Who Should Consider Multiple Trading Accounts?
Active Traders
If you make numerous trades daily or weekly, multiple accounts can offer:
- Backup options during platform outages
- Access to different order types and execution speeds
- Ability to capitalize on various fee structures
- Access to other features (e.g., leverage/margin)
- Product/service access (e.g., futures, cash management)
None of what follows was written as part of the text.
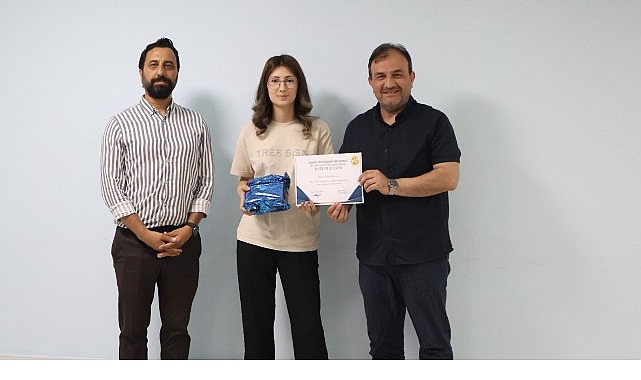 Beyaz Kalpler’de mezuniyet heyecanı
Those with Multiple Strategies or Needs
Those trading multiple asset classes might benefit from specialized platforms:
- Stock-focused brokers for equity trades
- Forex-specific platforms for currency trading
- Crypto exchanges for digital asset investments
Professional Money Managers
If you’re managing money for others, multiple accounts are often necessary:
- Separate personal and client funds
- Meet different clients’ needs with specialized platforms
- Ensure proper risk management and compliance
When to Stick with a Single Account
New Traders
If you’re just starting out, focus on mastering one platform:
- Learn the basics of trading without added complexity
- Build a track record before expanding
- Understand your trading style and needs
Limited Capital
With smaller amounts to invest, a single account often makes more sense:
- Meet minimum balance requirements
- For day traders in the US, consider the $25,000 Pattern Day Trader rule
- Qualify for volume discounts
- Simplify portfolio management
- If you want leverage, this is easier when your balance is higher
Time-Constrained Investors
If you can’t dedicate significant time to trading, keep it simple:
- Focus on a single, comprehensive platform
- Reduce administrative overhead
- Streamline your trading/investment process
Making the Decision
Assessment Questions
Ask yourself:
- What are my trading goals?
- How much capital do I have to work with?
- How much time can I dedicate to trading?
- What types of assets do I want to trade?
- How important is platform specialization for my strategy?
Start Small and Scale
If you decide to use multiple accounts:
- Begin with two accounts maximum
- Clearly define the purpose of each account
- Be sure you can manage both effectively
- Add more accounts only when necessary and manageable
Regular Evaluation
Continuously understand whether multiple accounts are serving your needs:
- Review account performance quarterly
- Evaluate the time spent on account management
- Consider consolidating if the complexity outweighs the benefits
Conclusion
The decision to maintain multiple trading accounts is highly personal and depends on your individual circumstances.
It offers advantages in terms of risk management and specialization, but it also comes with added complexity and responsibility.
Carefully consider your trading goals, available capital, and time commitment to make an informed decision that aligns with your trading/investment strategy.
The number of accounts you have is less important than how effectively you use them to achieve your trading objectives.